Exercise directions
Could you set down the listing below exactly, leaving out its pictures?

Supplied information
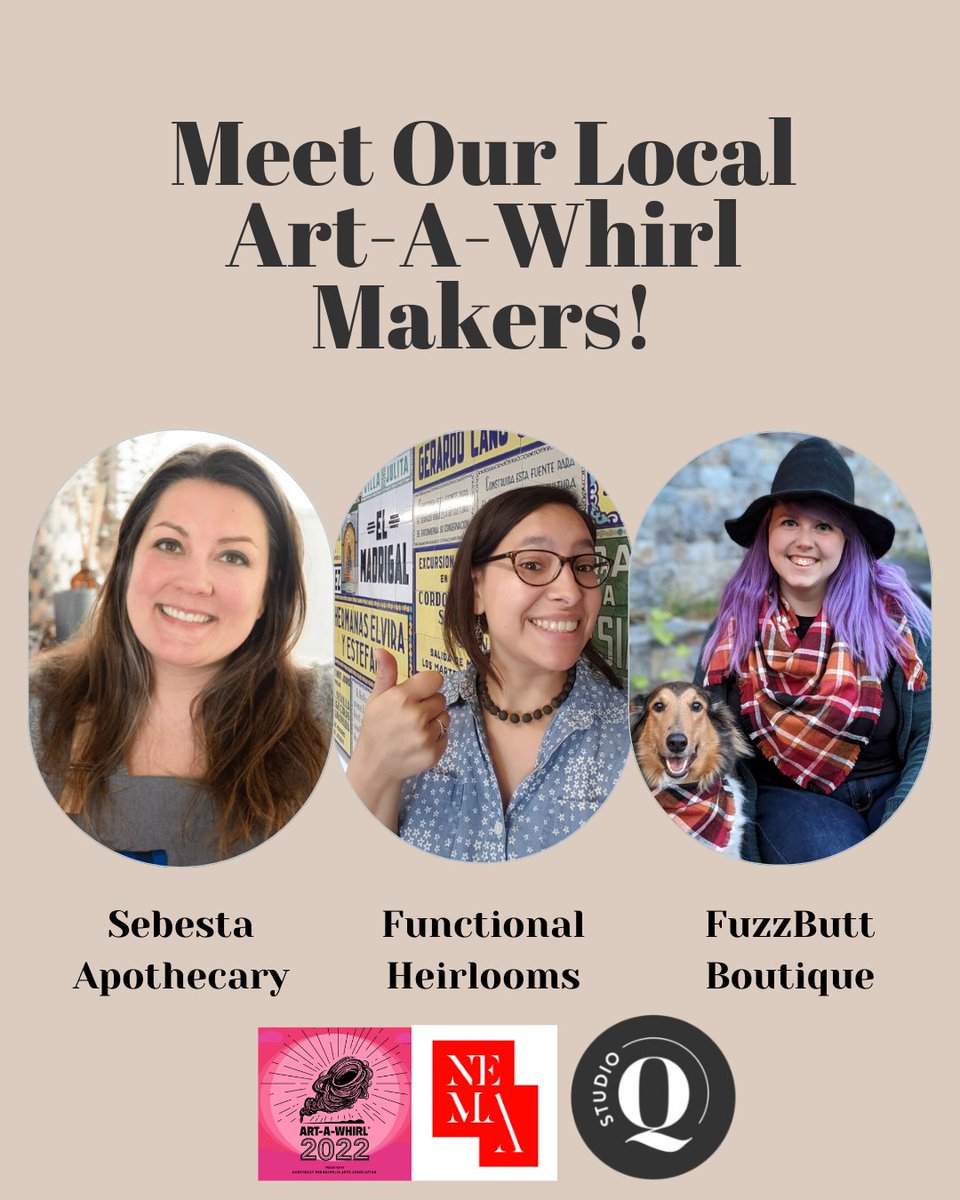 StudioQMpls's tweet photo. We are so excited to be open to the public for Art-A-Whirl this year and finally welcome guests into our studio space to support local makers! ⁠
⁠
* 5/20 - 4pm-8pm⁠
* 5/21 - 12-8pm⁠
* 5/22 - 12-5pm⁠
⁠
@sebestaapothecary⁠
@functionalheirlooms⁠
@fuzzbuttboutique⁠ https://t.co/apF3EGwslP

Completed task
 StudioQMpls's tweet photo. We are so excited to be open to the public for Art-A-Whirl this year and finally welcome guests into our studio space to support local makers! ⁠
⁠
* 5/20 - 4pm-8pm⁠
* 5/21 - 12-8pm⁠
* 5/22 - 12-5pm⁠
⁠
@sebestaapothecary⁠
@functionalheirlooms⁠
@fuzzbuttboutique⁠ https://t.co/apF3EGwslP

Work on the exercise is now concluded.